The fruit clusters are medium-sized, weighing about 300〜350g, sparse in
density of berries and cylindrical in shape. The shape of berries ranges
from round to elliptic, and skin color is red, easy in colloring. The size
of berries is large, weight is 8.3g on average, larger than that of ‘CAMPBELL
EARLY'. The taste and flesh texture of berries are excellent and keeping
quality is medium. The vines are fairly resistant to diseases. ‘YOUHOU'
grapes ripe from early to late August under plastic tunnels in Kyushu,
Japan, as early as ‘CAMPBELL EARLY', and earlier than ‘KYOHOU'.
[Key words: fruit breeding, new cultivar, protected cultivation, table
grape, Vitis]
緒 言
現在栽培されている赤色系のブドウ品種は,花振るい性が強いものや着色が気象条件の影響を受け不安定であるもの,熟期が遅く台風の影響を受けやすいものなど,経済栽培を行うには高度の技術が要求され,安定した生産が困難である品種が多い。したがって,本県の気候に適した赤色系の早熟で着色が良好な大粒・高品質,しかも安定生産が可能な施設栽培用の品種育成が生産現場から要望されていた。
筆者らは,系統‘ブドウ福岡7号’を育成し,関係機関に配布して適応性の検定を行ってきた。その結果,優秀と認められ,1995年9月にぶどう農林14号,‘陽峰’として農林水産省新品種命名登録規定により命名登録されたので,その特性について報告する。

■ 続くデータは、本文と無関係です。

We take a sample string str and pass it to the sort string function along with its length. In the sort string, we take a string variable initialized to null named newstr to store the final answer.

品種名‘陽峰’は,赤色系で,大粒品種の意をこめて命名した。
なお,1988年度から開始されたブドウ第6回系統適応性検定試験に福岡系統は8系統を供したが,そのうち7号以外では1号がぶどう農林13号‘翠峰’(1994年8月登録),4号がぶどう農林11号‘宝満’(1992年7月登録),5号がぶどう農林12号‘博多ホワイト’(1992年7月登録)として登録され、合計4系統が品種となった。

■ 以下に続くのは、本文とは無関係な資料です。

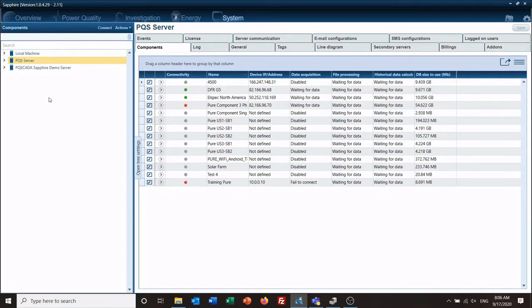Hello and welcome to a LSpec training video. Today we're going to go over a more advanced feature that has been requested. This does require the enterprise version of the software, and we're going to schedule an IEEE 519 report to be run on a daily basis.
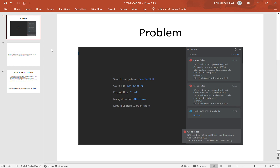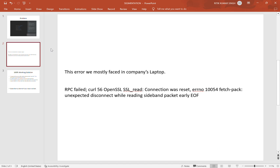This error we mostly face on company laptops. The error is: 'The connection was reset, error number 154, unexpected disconnect while reading the SSH packet.' This means we are facing an internet issue — the packet is unexpectedly disconnecting.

報告するに当たり,系統適応性検定試験を担当された道府県試験場の方々に深謝の意を表する。
育 成 経 過
‘陽峰’は,早熟性,大粒性,耐病性,良食味性等を育種目標に交配を実施した‘巨峰’בアーリー・ナイアベル’の組み合わせの1系統である。‘巨峰’はブドウの王様といわれる品質を有する耐病性中位の紫黒色の四倍体品種である。‘アーリー・ナイアベル’は果粒が大きく,耐病性の強い,欧米雑種系統の黒色系四倍体品種である。交配は1975年に行い,1976年に播種し,7カ月間苗圃で育成した後,個体番号をF−3626として施設下へ定植した。1983年初結実,‘キャンベル・アーリー’とほぼ同時期に熟する赤色系,早熟種で,甘味も高く,食べやすく外観が良いことなどから1986年に選抜して,1989年から‘福岡7号’の系統名でブドウ第6回系統適応性検定試験に供してきた。本品種の系統図を第1図に示した。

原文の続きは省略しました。